"The Time Complex"
1st Yerevan Biennial
Online edition 2020
Curated by Lorenzo Fusi
The Time Complex
"The basic thesis of the post-contemporary is that time is changing. We are not just living in a new time or accelerated time, but time itself—the direction of time—has changed. We no longer have a linear time, in the sense of the past being followed by the present and then the future. It’s rather the other way around: the future happens before the present, time arrives from the future."
Armen Avanessian
So the Austrian philosopher of Armenian descent Armen Avanessian summarises the shifting paradigm of time in his formulation of the ‘post-contemporary’ – part of the prologue to The Time Complex: Post-Contemporary. This is a new era in which time moves fluidly, in a non-hierarchical order, and where there is no obvious progression from a before, to a during and an after in historical terms. Fluidity is a queer attribute or attitude. It indicates the power, intention or will to escape categorisations, thus eluding crystallising definitions. This fluidity should be considered an action, a revolutionary act, and not just a simple inert feature. It is a militant transformational tool.

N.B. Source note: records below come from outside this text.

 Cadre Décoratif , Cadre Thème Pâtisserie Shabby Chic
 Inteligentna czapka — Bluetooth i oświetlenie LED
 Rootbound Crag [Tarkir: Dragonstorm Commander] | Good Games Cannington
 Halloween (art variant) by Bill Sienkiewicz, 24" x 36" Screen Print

Paraphrasing Boris Groys, one could say that “to get access to the flow, time (the form, in the original text) must be made fluid – it cannot become fluid by itself. And that is the reason for modern artistic revolutions.” In keeping, The Time Complex (the exhibition) is an investigation of the radical use of time in contemporary art that highlights the strategies and methodologies adopted by artists for imagining future scenarios, revisiting contested histories, creating unexpected narratives and correlations and unveiling untold stories.

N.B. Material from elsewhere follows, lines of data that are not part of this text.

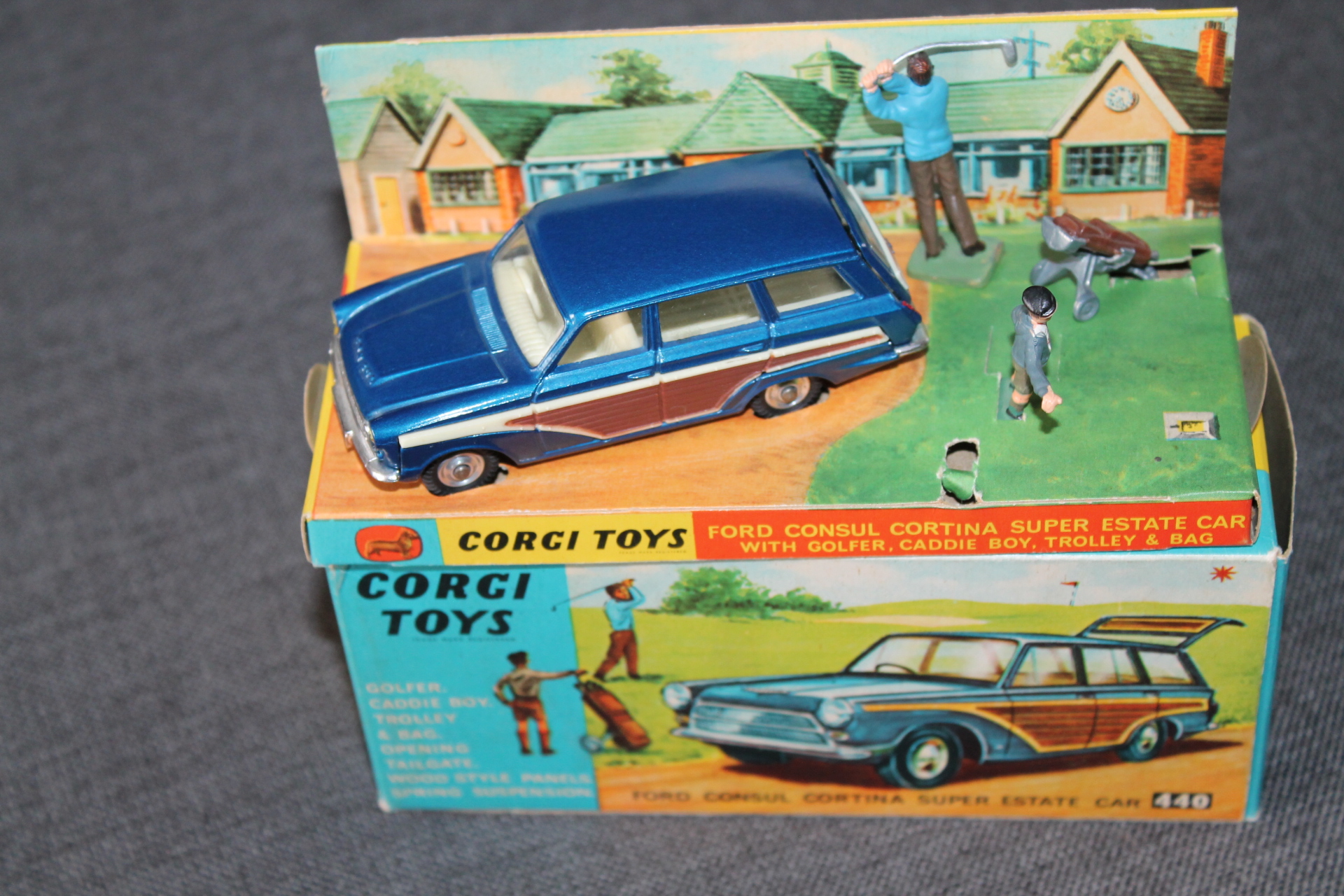 Toys 440 Ford Consul Cortina Golf Set Diecast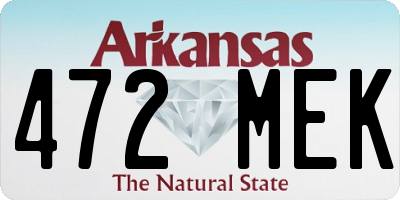 AR license plate 472MEK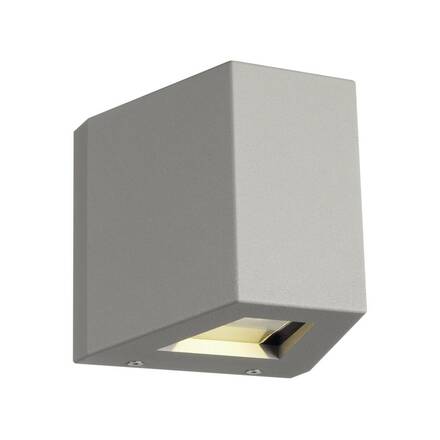 BIG WHITE OUT-BEAM, venkovní nástěnné svítidlo, LED, 3000K, Beam up/Flood down, stříbrošedé, IP44 229664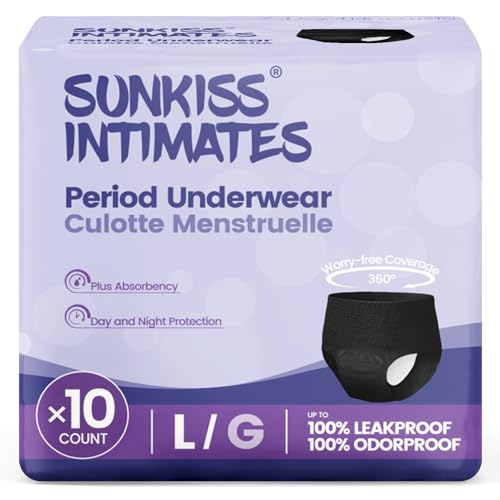 Disposable Period Underwear, Heavy Flow, L, Black, 10Ct - size: Large, style: Black (Pack of 10)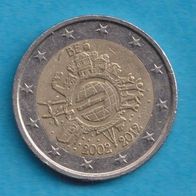 Belgien 2 Euro 2012 10 Jahre Bargeld Einführung 2002 - 2012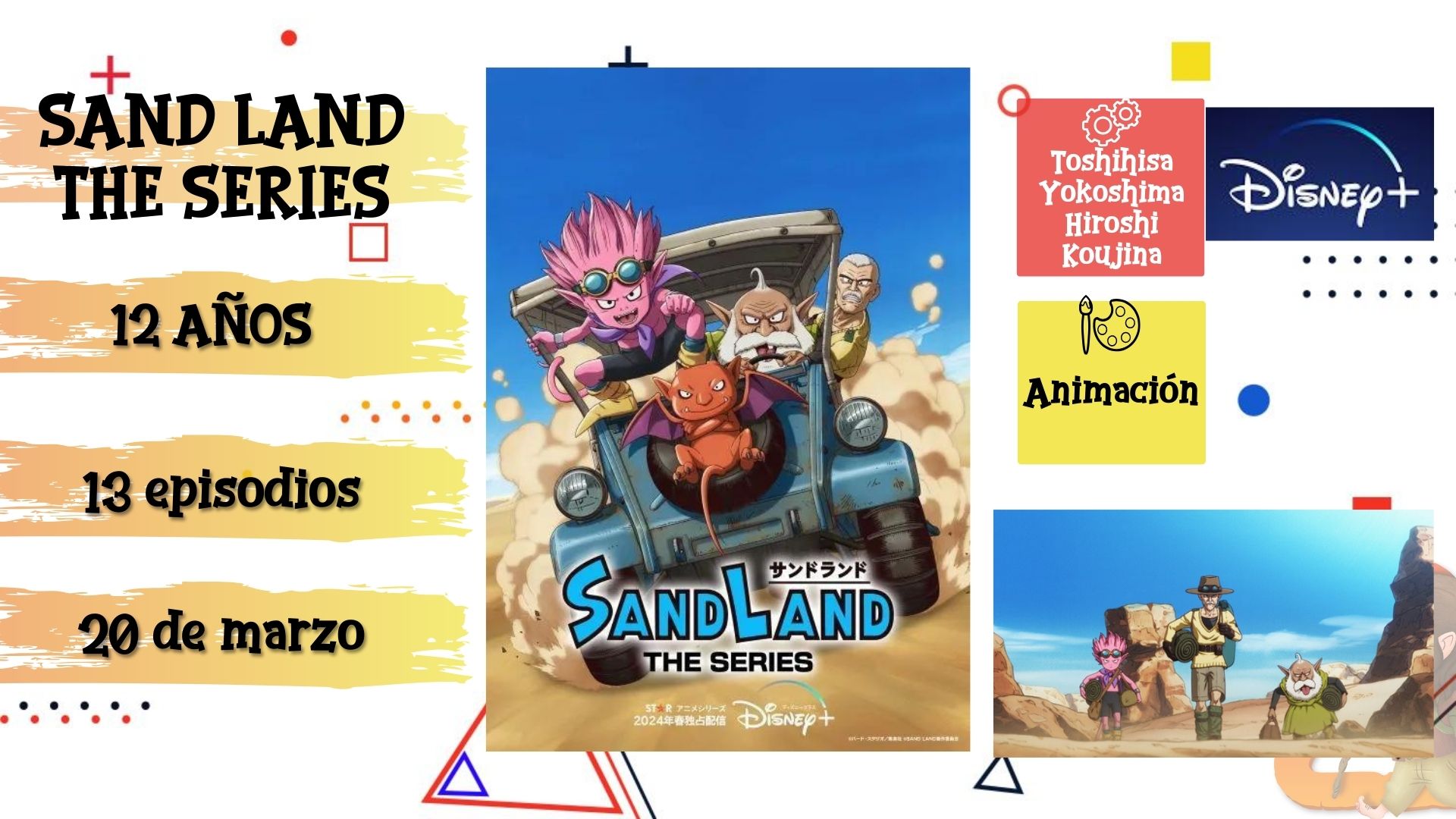 Series marzo 2024 Sand Land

Time in flux, anarchically inhabiting different tenses and geopolitical contexts, is something that artists have intuitively worked on and experimented with for some time now. Their research amply precedes any attempt at philosophical theorisation. This should come as no surprise, as artists are notoriously visionaries – if not The Visionaries par excellence – as well as being storytellers. They often predict the “not-yet”, to quote artist Jeanne van Heeswijk, formulating possibilities and hypotheses for that which is in the process of becoming. Furthermore, art can create anachronic loopholes and punctuations in the progression of time. These time suspensions have been poetically described by the American minimal sculptor and pioneer of conceptual art, Douglas Huebler, who, in 1972, summarised the experience of art in a text piece: FOR THE ENTIRE TIME THAT THE READER READS THESE WORDS HE, OR SHE WILL EXIST FREE FROM HISTORY. And history, as Winston Churchill put it, is generally kind only to the winners, because they are the ones who ultimately write it.

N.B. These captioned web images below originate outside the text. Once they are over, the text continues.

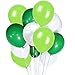 FUNPRT Green Balloon Garland,White Light Green Dark Green Metallic Silver Latex Balloons, Jungle Theme Party Decoration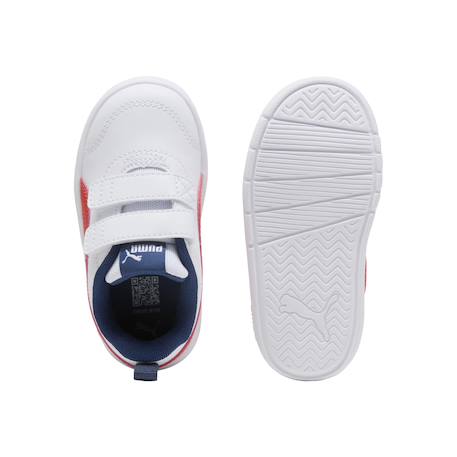 Baskets basses  enfant à scratch Blanc fierce rouge bleu 6 - vertbaudet enfant 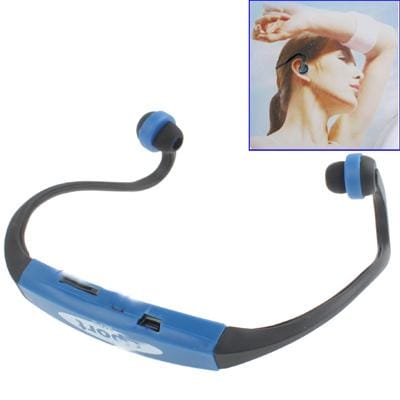 C2 Sport MP3 Player Headset for Global Sport Lovers, Support TF Card Reader (Blue)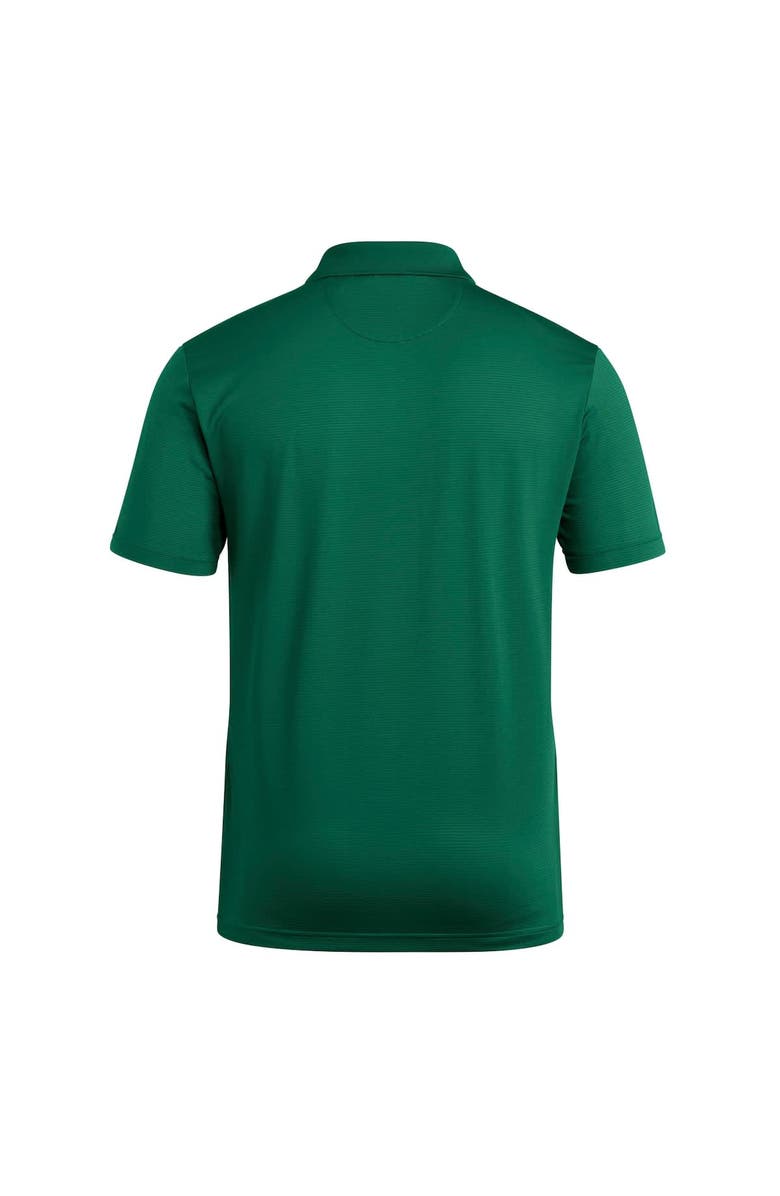 adidas Green Miami Hurricanes Ultimate 365 Ottoman Polo Shirt, Alternate, color, Green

The Time Complex exhibition brings together artists from all over the world whose practices challenge conventional readings of time, and ultimately question its linearity. Frequently, they do so by confronting or mimicking disciplines and sciences created for measuring or categorising time according to a logic of Progress (ie archaeology, art history, anthropology), a Western notion often used as a colonial tool for pursuing either cultural dominion or assimilation. In some cases, the artists included in the show imagine futures – as seen from the present or the past – as an act of resistance and a call for emancipation. They imagine the future as an actualisation of the present, as per the case of the many ethno-futurisms that are reconfiguring the way we look at history entirely.
Participating artists:
John Akomfrah, Maria Antelman, Armen Avanessian, Sonia Balassanian, Neïl Beloufa, Cécilia Bengolea, Nuotama Bodomo, Sofia Borges, Benji Boyadgian, Catalina Bucos, Vivian Caccuri & Gustavo von Ha, Chloé Galibert-Laîné, Ryan Gander, Anton Ginzburg, Igor Grubić, Joana Hadjithomas & Khalil Joreige, Kiluanji Kia Henda, Evan Ifekoya and Hannah Catherine Jones, Yael Kanarek, Keiken, Karen Khachaturov, Oliver Laric, Lawrence Lek, Eva & Franco Mattes, Josephine Meckseper, Karén Mirzoyan, Carlos Motta in collaboration with Tavia Nyong'o and other artists, Bahar Noorizadeh, Mikael Owunna, Alexis Peskine, Angelo Plessas, Donald Rodney, Athi-Patra Ruga, Walid Siti, Skawennati, Suzanne Treister, Panos Tsagaris, YOUNG-HAE CHANG HEAVY INDUSTRIES.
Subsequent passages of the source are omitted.